━━ Entries supplied

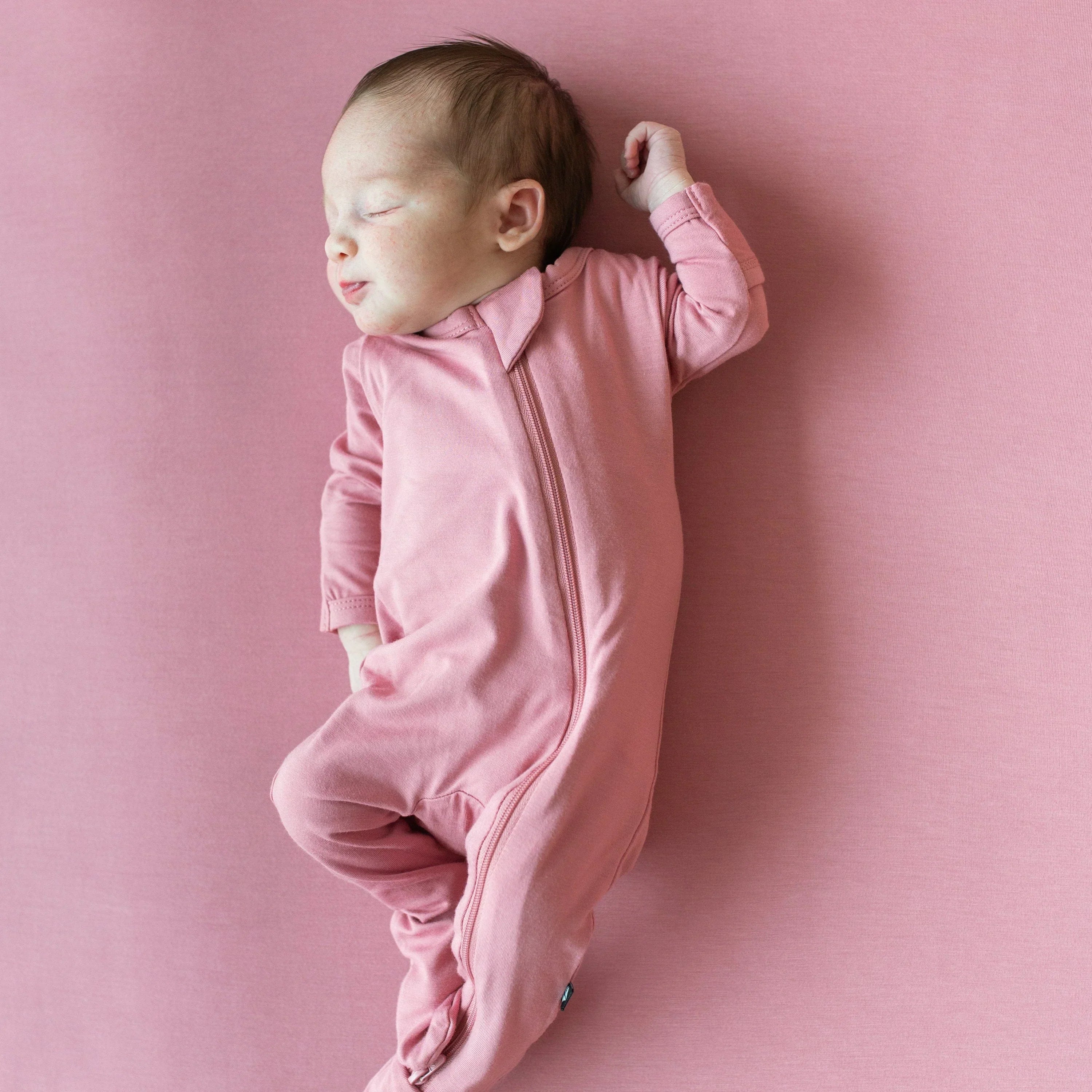 Crib Sheet in Apple Blossom Secondary image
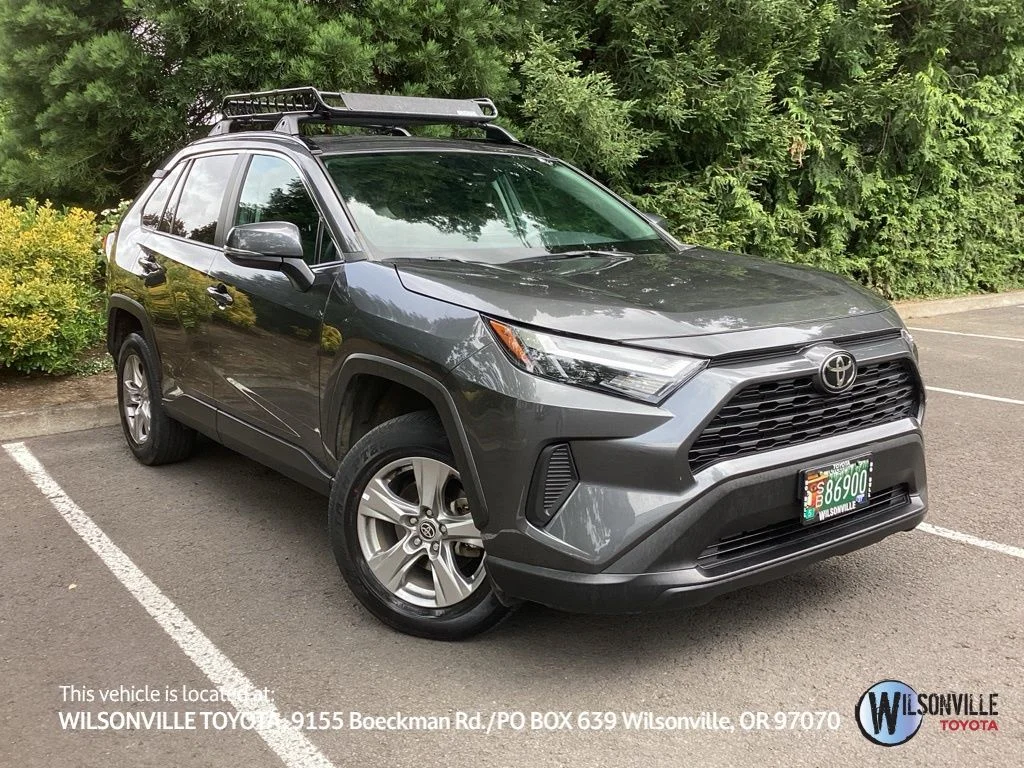 2023 Toyota RAV4 XLE AWD's photo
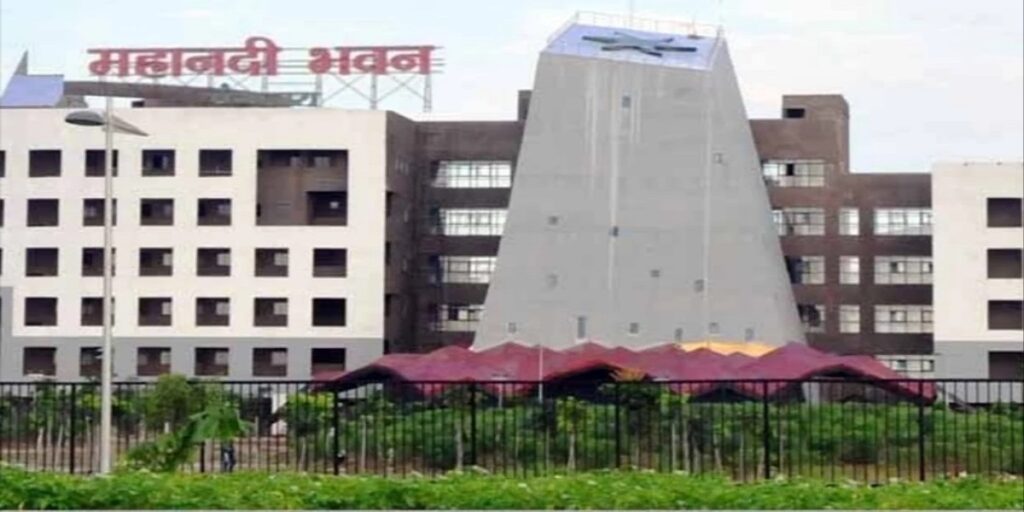 CG Transfer Update: राज्य प्रशासनिक सेवा के अफसरों का बड़ा तबादला, नए जिम्मेदारी के साथ मिली पोस्ट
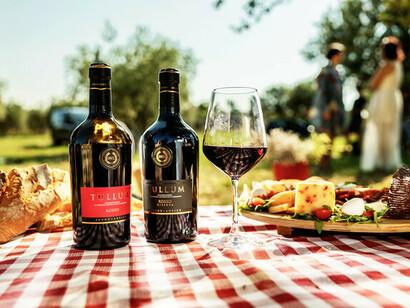 Feudo Antico, Tullum, tinto y tinto reserva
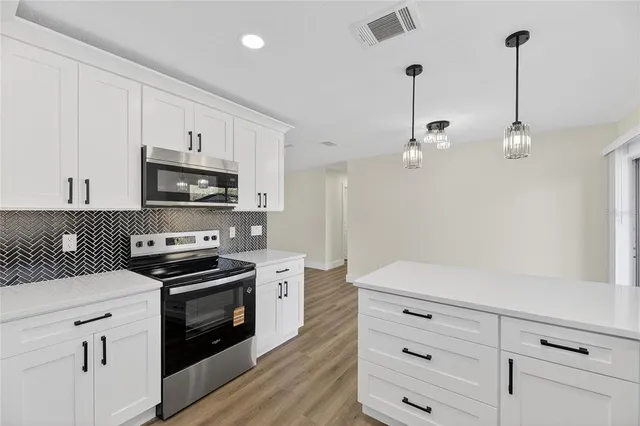 $349,990 | 1214 Oakhill Street, Seffner, FL 33584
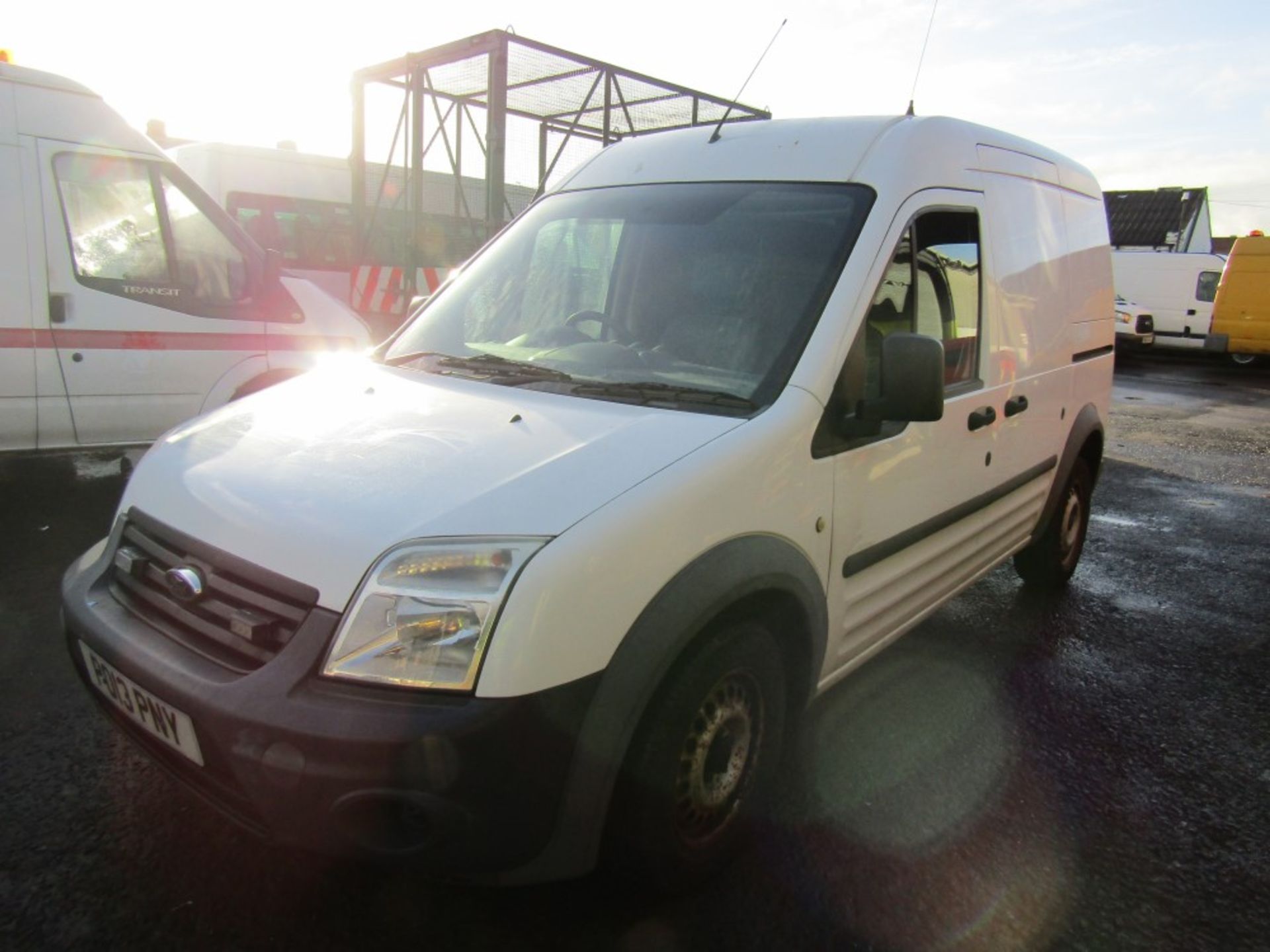 13 reg FORD TRANSIT CONNECT 90 T230 DOG CAGE VAN (DIRECT COUNCIL) 1ST REG 03/13, TEST 03/22, 56693M - Image 2 of 8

━━━━

Write out all the records exactly, omitting the images.

 Crib Sheet in Apple Blossom Secondary image
 2023 Toyota RAV4 XLE AWD's photo
 CG Transfer Update: राज्य प्रशासनिक सेवा के अफसरों का बड़ा तबादला, नए जिम्मेदारी के साथ मिली पोस्ट
 Feudo Antico, Tullum, tinto y tinto reserva
 $349,990 | 1214 Oakhill Street, Seffner, FL 33584
 13 reg FORD TRANSIT CONNECT 90 T230 DOG CAGE VAN (DIRECT COUNCIL) 1ST REG 03/13, TEST 03/22, 56693M - Image 2 of 8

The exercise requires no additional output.